A tumult of bodies, there must have been twenty thousand, pressed together in a common orgiastic dance. There are middle-aged people with children in tow, elderly virtuosos, balding and gray-mustached, dancing with my peers. Moving from group to group in some sort of evangelical mission. Circles of young people dancing and writhing around backpacks filled with wine covered by towels. Everyone dances as their body desires, some waving traditional handkerchiefs, others tormenting their hands on tambourines. They are all there for the same reason, to lose themselves in the pizzica, to get lost in the grand bacchanal. The guests on stage, especially the main ones, Geolier, Angelina Mango, and Gaia, are merely a residual corollary to sweeten the Rai broadcast, but pizzica is the main character.
Special mention goes to the exceptional Tammorriata Nera by Ste, an emerging black Neapolitan musician (but not that emerging), who, perhaps due to her Neapolitan roots or my latent local pride, grabbed my arms and body, moving them as she pleased like a puppet. But in the end, that’s the essence of Notte Taranta, to keep alive and experience a tradition, wearing it and letting it permeate you like an old pair of leather gloves.
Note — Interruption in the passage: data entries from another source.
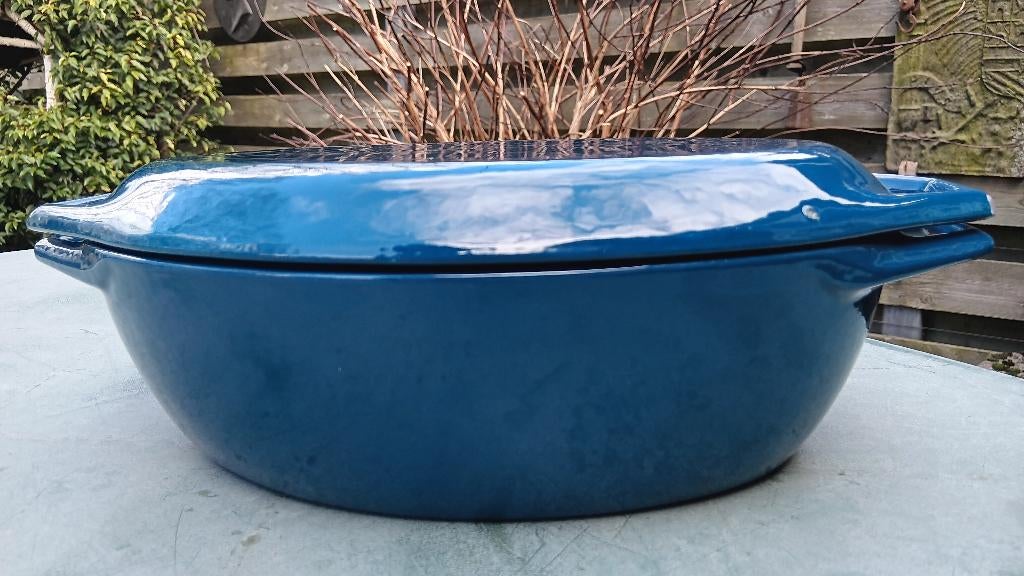 Vintage COPCO Michael Lax gietijzer blauw ovaal pan (G246), Gebruikt, Gietijzer, Ophalen of Verzenden, Keramische plaat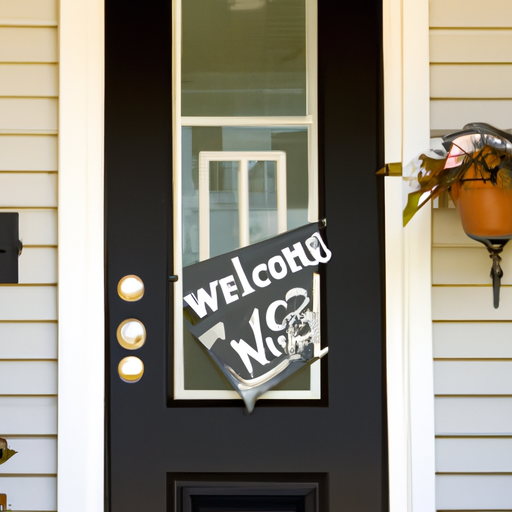 A closeup photo of a front door with a welcome sign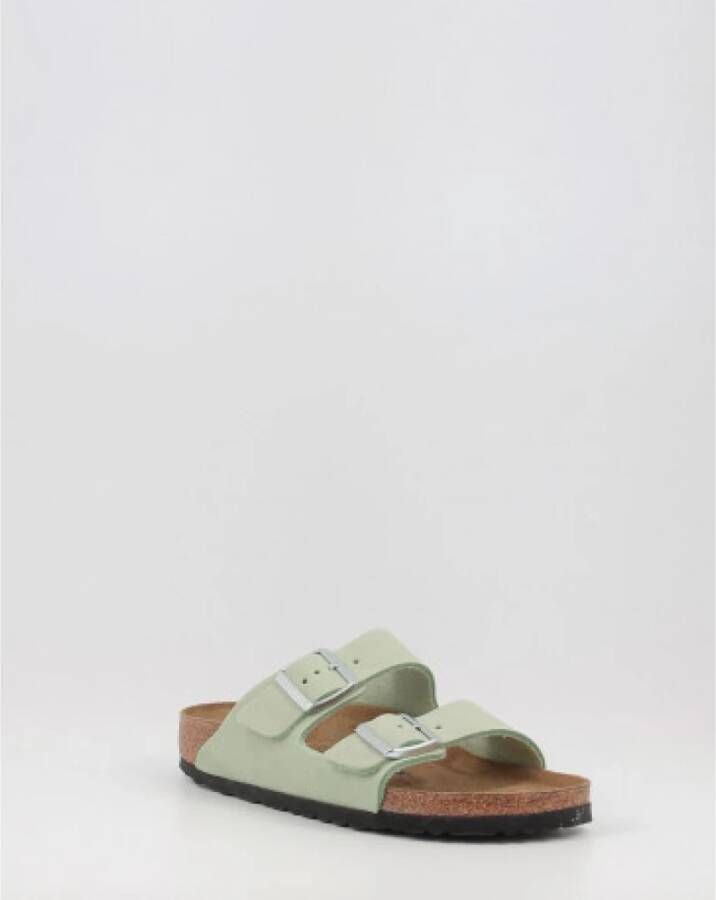 Birkenstock Groene Platte Sliders voor Vrouwen Groen Dames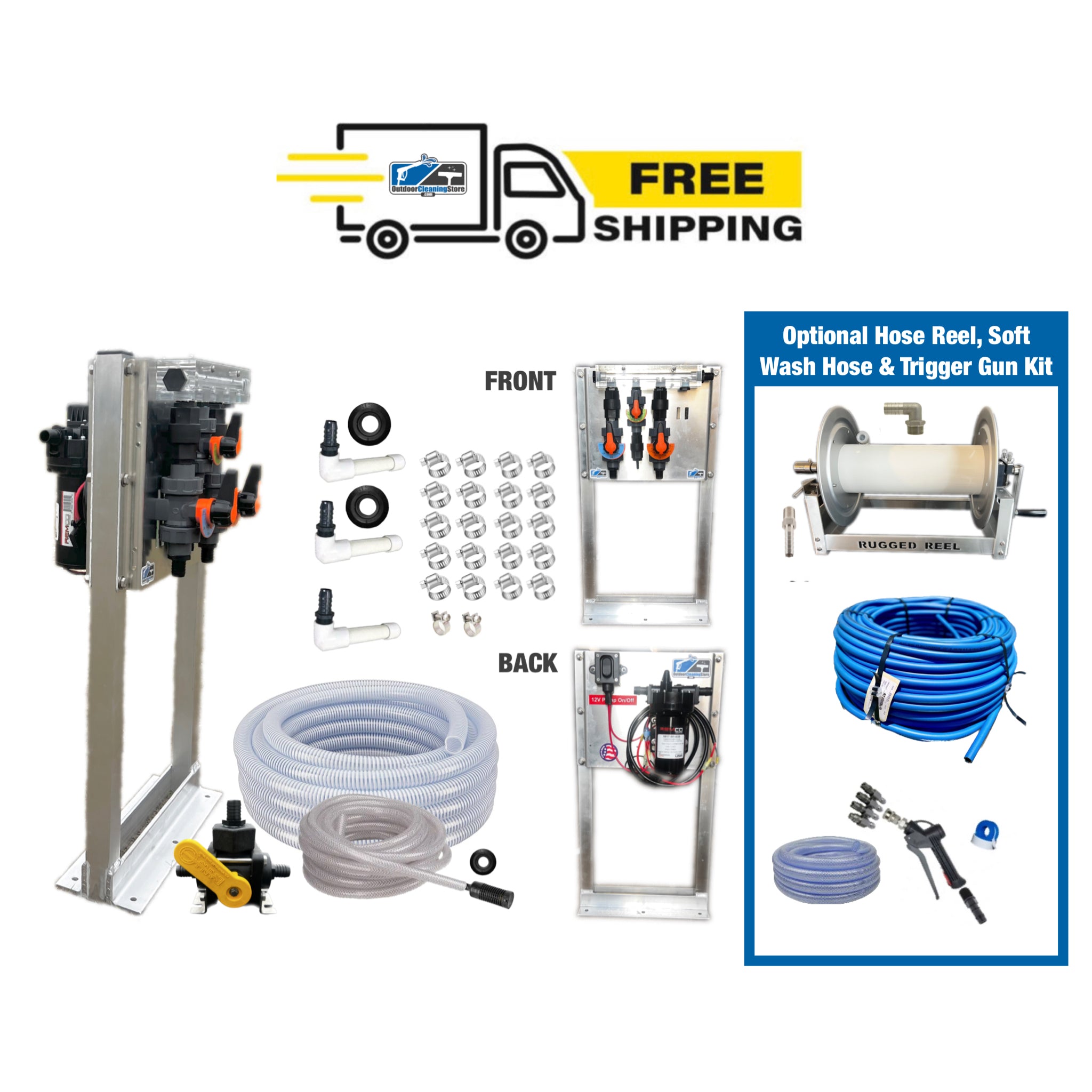 Premium 12V Soft Wash System With Aluminum Stand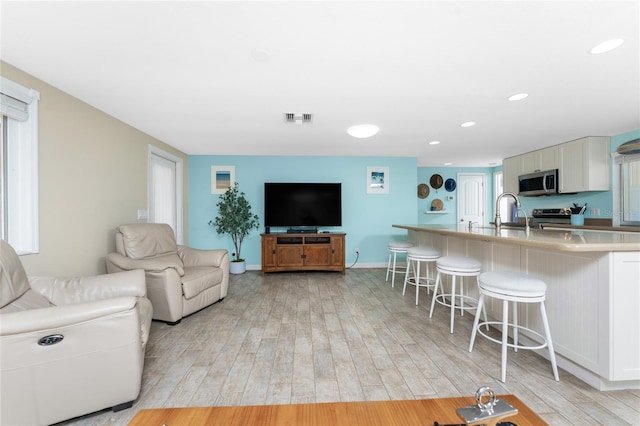 living room featuring a healthy amount of sunlight, sink, and light wood-type flooring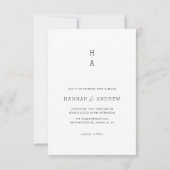 Simple Modern Minimalist Photo Wedding Invitation 招待状 (裏面)
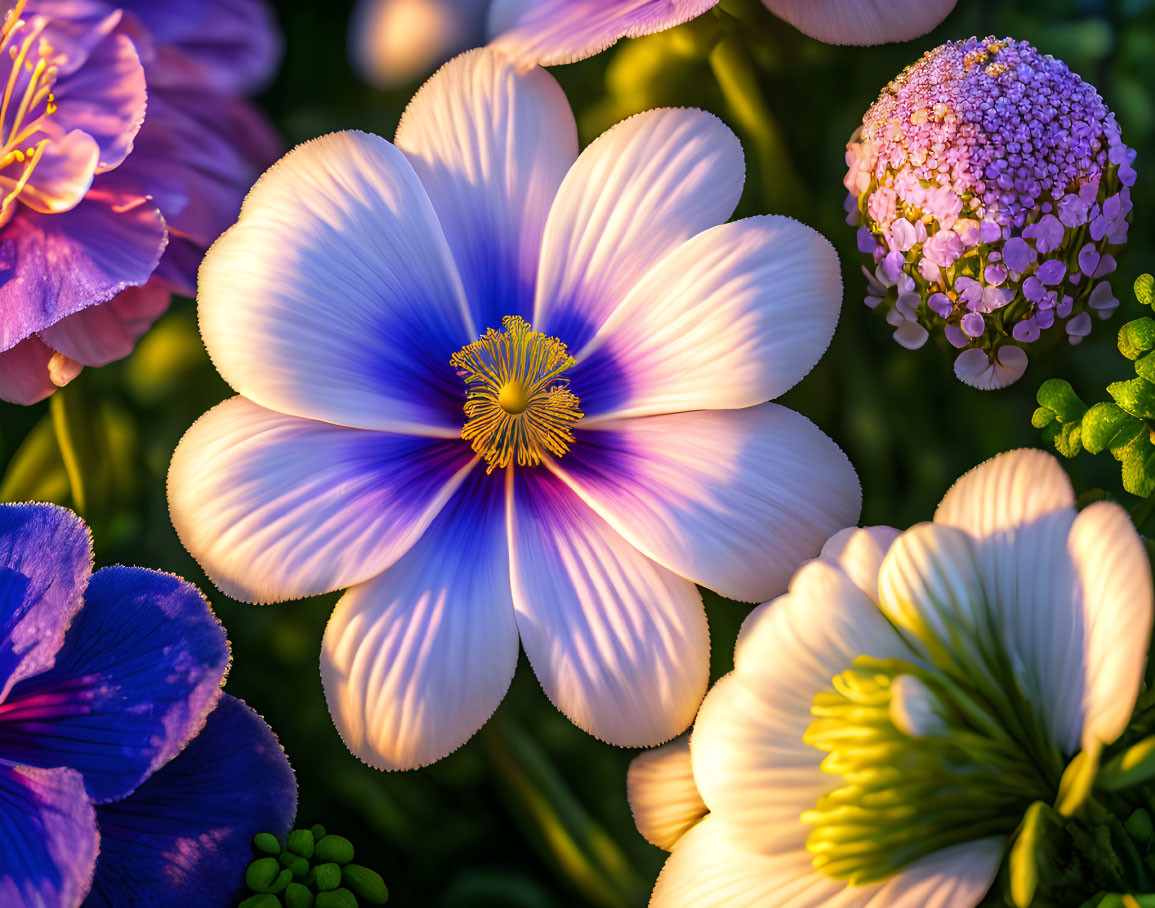 Colorful Flower with White, Purple, and Yellow Petals in Pink Blossom Setting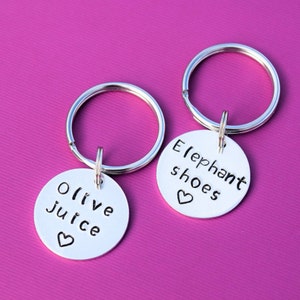 Olive juice Elephant shoes I love you couples key chains.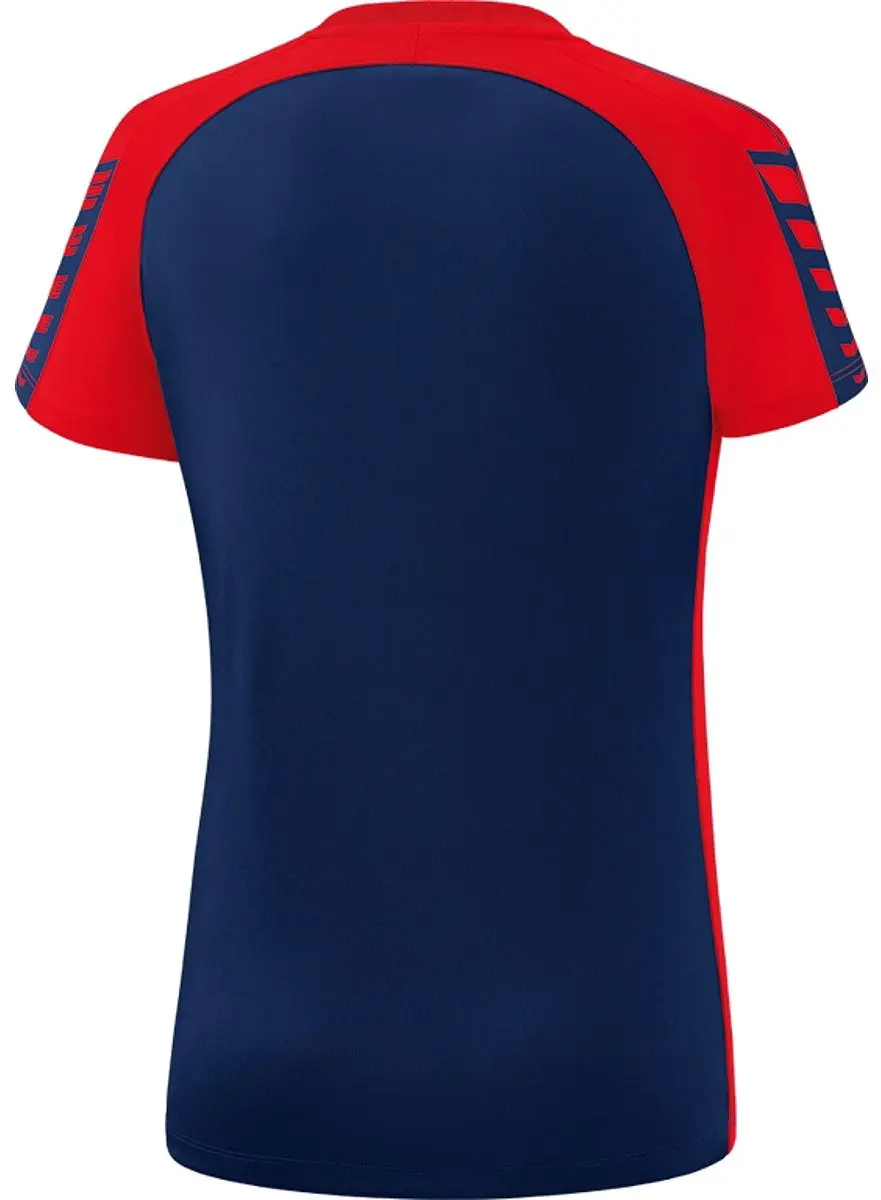Erima Six Wings T-Shirt Dames - Rood/New Navy 40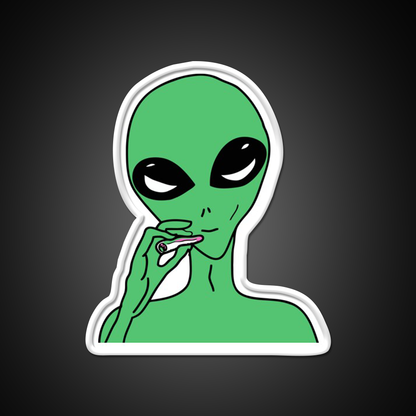 Green Stoner Alien Hemp Inspired Green Leaf Led Neon Sign Rgb Color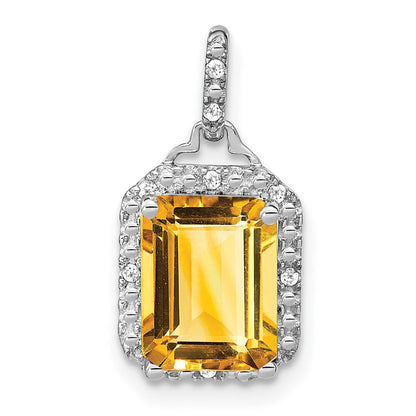 14K Weißgold Anhänger mit Citrin im Smaragdschliff und echten Diamanten im Halo-Design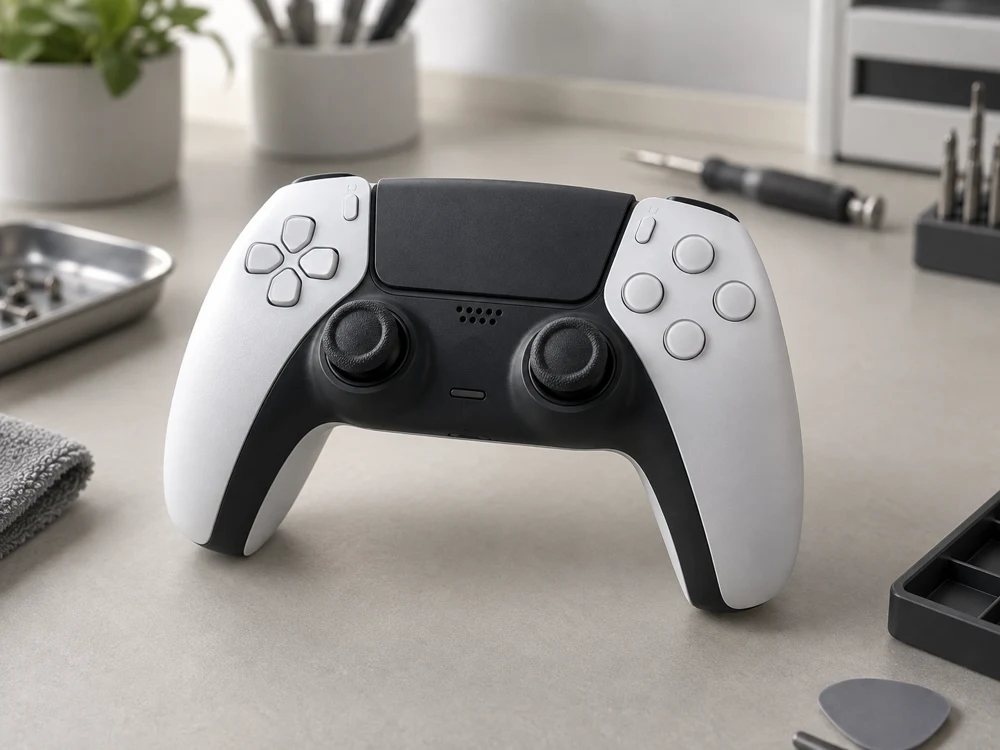 Imagem ilustrativa de controle branco da linha PlayStation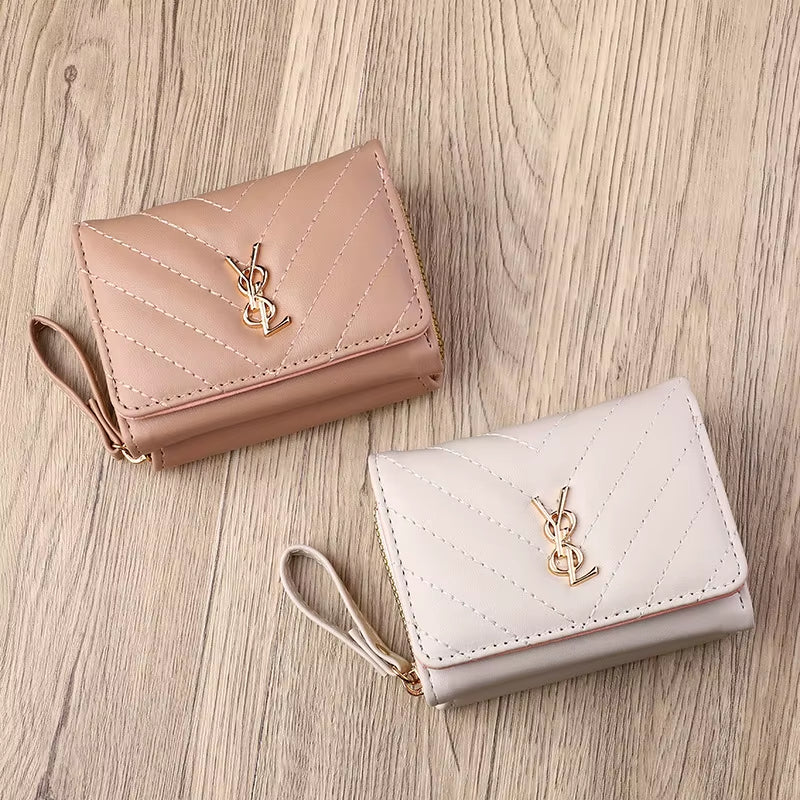 New Women'S Wallet Short, Fashionable and Simple PU Change Bag Card Bag Multi Slot Small Wallet Wallet Wallet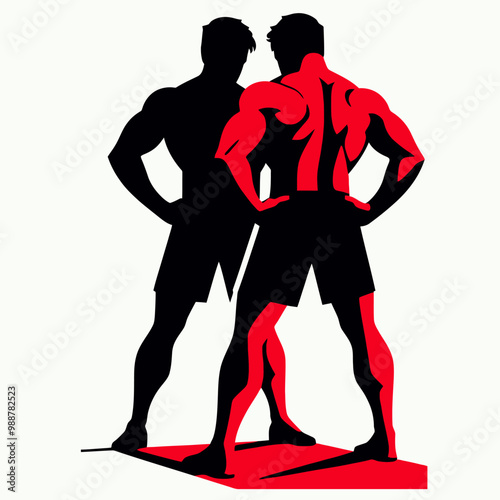 Muscular bodybuilder vector silhouette illustration, gym, workout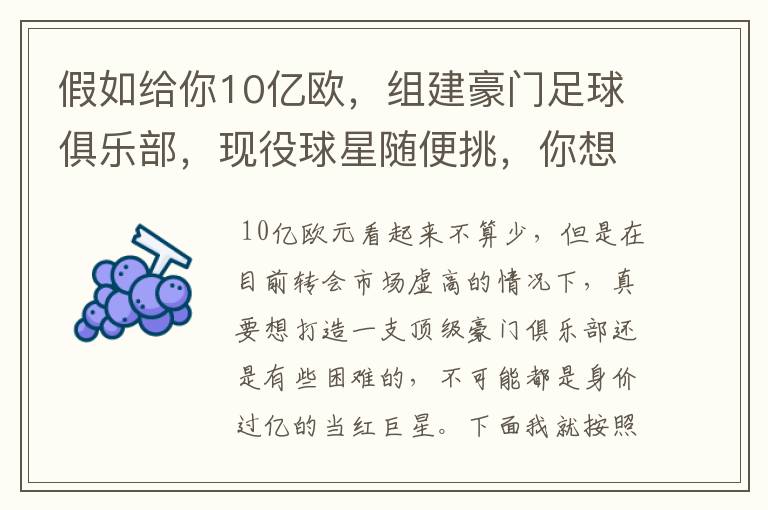 假如给你10亿欧，组建豪门足球俱乐部，现役球星随便挑，你想签约谁？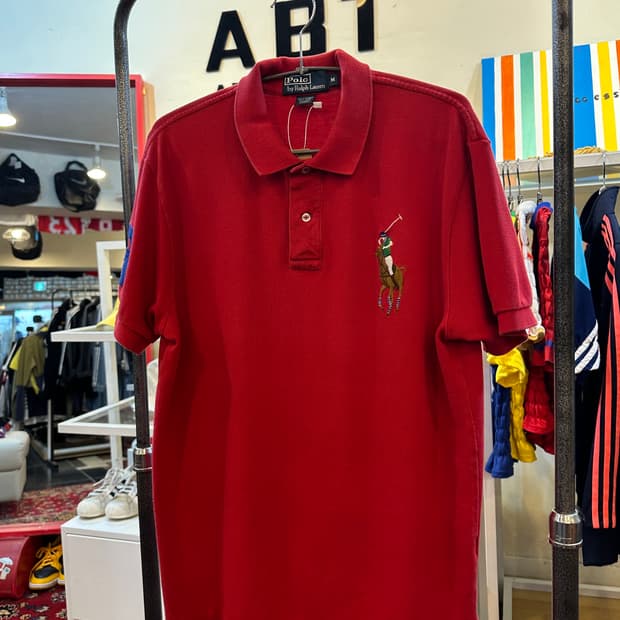 폴로 랄프로렌 빅포니 로고 반팔 카라티 레드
Everything else is a bit of speculation - including polemics - a bit of showbiz urge to glorify with promotions and personalities something that, in itself, is immensely more alive, wild, and ancient than the industry itself. What remains is the music, primal and visceral, a collective and pervasive voodoo that somehow manages to lift even me and those burdened by their trivial grievances, fulfilling its only authentic purpose beyond any tedious monetization: to Liberate.
Here I am then, also wild and stray at the end of my folk/brat season. Somehow, a little lighter than yesterday. It’s the power of beautiful things, honey.